(Short text fragments from websites)
Start of Block
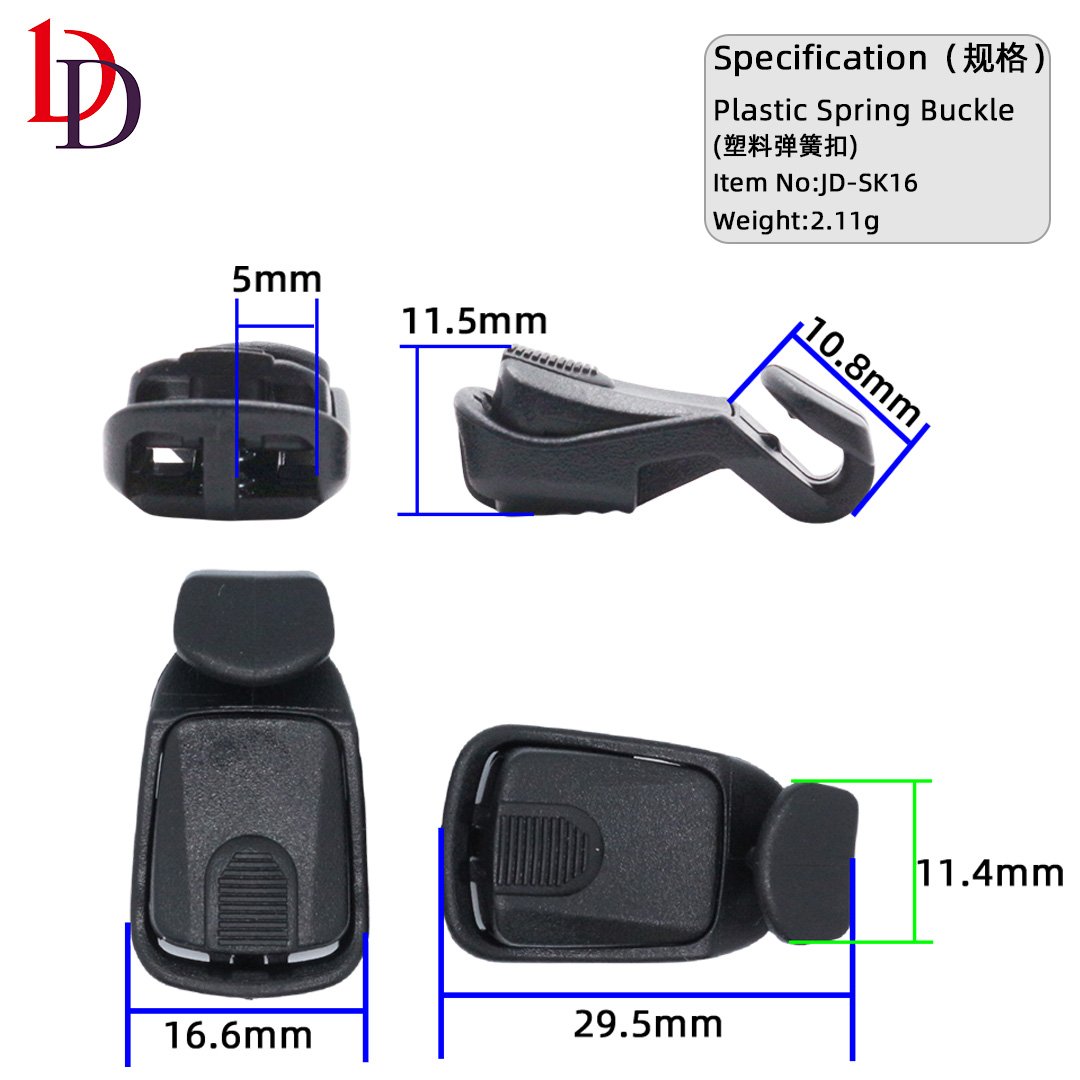 Free Sample Factory Custom Washable Plastic Double Hole Spring Press Rope Buckle Hook For Supermarket Sportswear
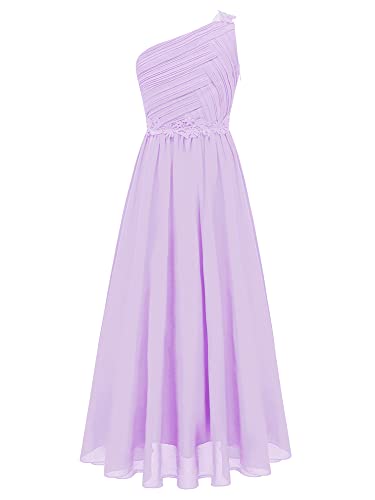 iEFiEL Elegante Mädchen Kleid Festlich EIN-Schulter Hochzeitskleid Lang Blumenmädchenkleider Prinzessin Kleid Cocktailkleid Chiffon Partykleid Lavender 146-152 von iEFiEL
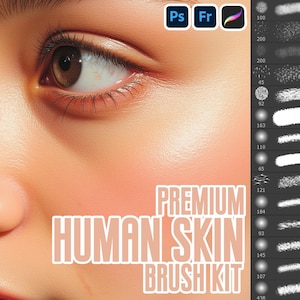 May include: A close-up of a woman's eye with a soft, natural skin texture. The image is used to promote a set of digital brushes for Photoshop and Procreate called "Premium Human Skin Brush Kit".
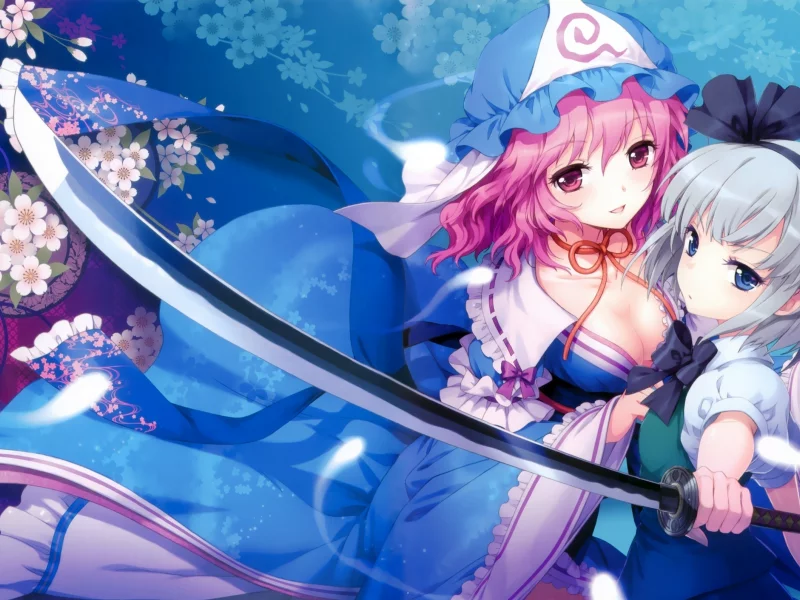 меч, катана, touhou, сакура, девушки, цветы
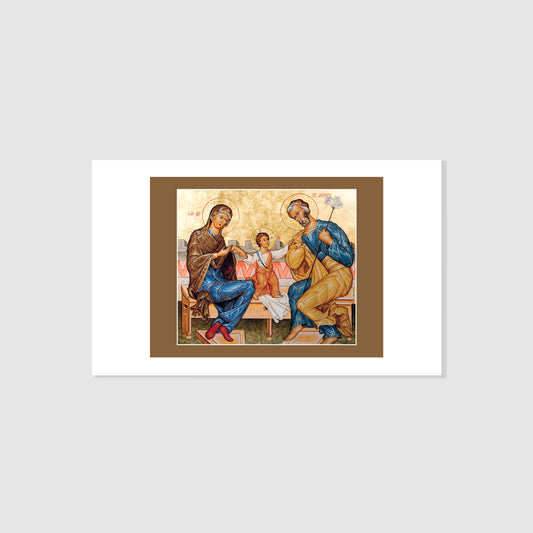The Holy Family Foreshadowing Christ's Passion - Icon Holy Card Personalized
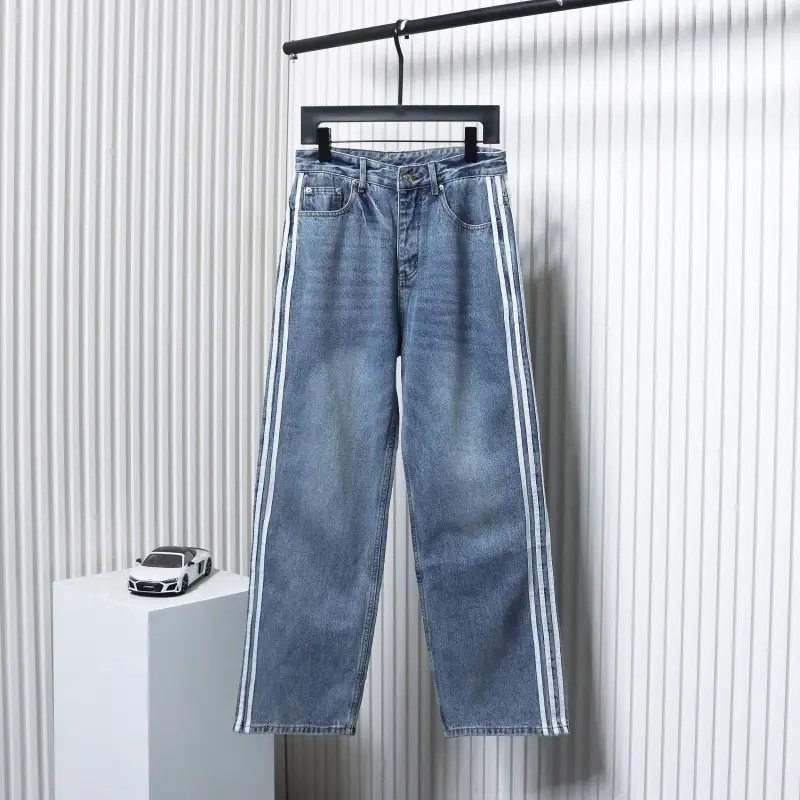 Balenciaga x Adidas Three-Bar Washed Jeans Blue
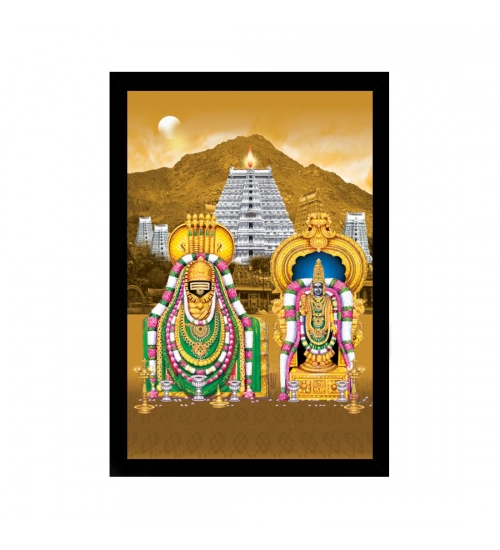 Tirupati Balaji Painting with Synthetic Photo Frame (Multicolor)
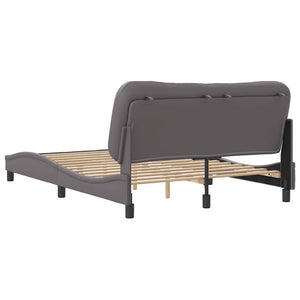 vidaXL Bed Frame without Mattress "Hvar" Grey 140x190 cm Faux Leather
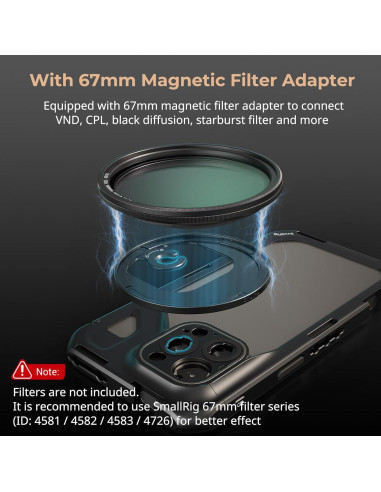 Jaula de Video SmallRig para iPhone 15 Pro con Adaptador 67mm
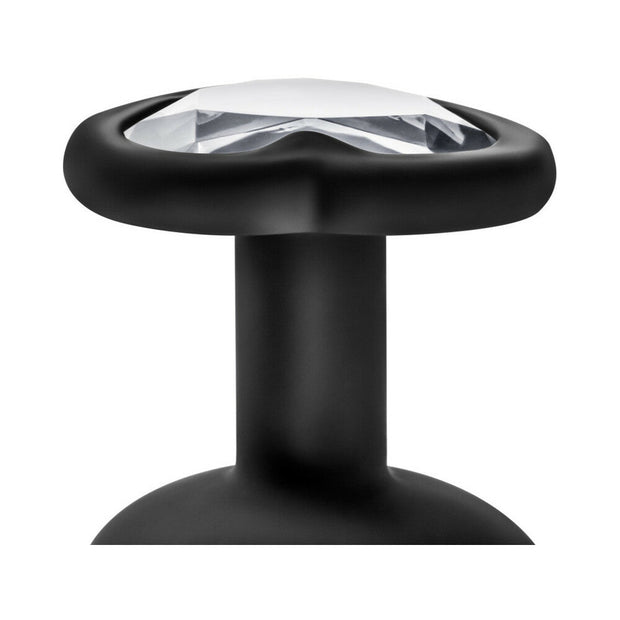 Blush Temptasia Bling Anal Plug with Heart-Shaped Gem Base Large Black - Headshop.com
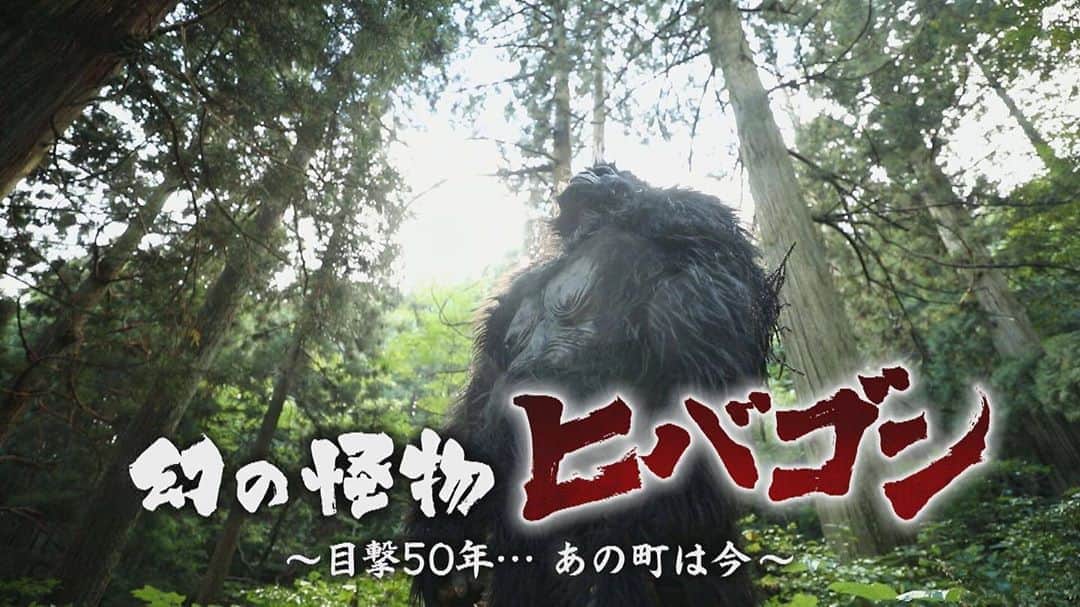 有田優理香のインスタグラム：「【ヒバゴンが番組になります〜🐵】  ヒバゴン目撃から今年で50年。庄原市西城町の今を取材したものがドキュメンタリー番組WATCHになります！私はナレーションを担当します🙇‍♀️  先日キニナルでも取材しましたし、庄原市にはひろおく便りの取材でよく行くので、今回ナレーションを担当できて嬉しかったです🙈✨  そして、ありがたいことに私の書がタイトルに…！当時目撃された情報をイメージして？力強く書きました！！  10月3日(土)深夜0:55〜ぜひご覧ください🙏  #ヒバゴン　#西城町　#広島テレビ　#watch」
End of Block
● WHAT TO WORK ON:
Retype the records above word for word, from their first line through the line containing "Blush Temptasia Bling", and leave out every picture.

● FINISHED EXERCISE:
 Free Sample Factory Custom Washable Plastic Double Hole Spring Press Rope Buckle Hook For Supermarket Sportswear
 iEFiEL Elegante Mädchen Kleid Festlich EIN-Schulter Hochzeitskleid Lang Blumenmädchenkleider Prinzessin Kleid Cocktailkleid Chiffon Partykleid Lavender 146-152 von iEFiEL
 May include: A close-up of a woman's eye with a soft, natural skin texture. The image is used to promote a set of digital brushes for Photoshop and Procreate called "Premium Human Skin Brush Kit".
 меч, катана, touhou, сакура, девушки, цветы
The Holy Family Foreshadowing Christ's Passion - Icon Holy Card Personalized
 Balenciaga x Adidas Three-Bar Washed Jeans Blue
 Tirupati Balaji Painting with Synthetic Photo Frame (Multicolor)
 vidaXL Bed Frame without Mattress "Hvar" Grey 140x190 cm Faux Leather
 Jaula de Video SmallRig para iPhone 15 Pro con Adaptador 67mm
 Blush Temptasia Bling Anal Plug with Heart-Shaped Gem Base Large Black - Headshop.com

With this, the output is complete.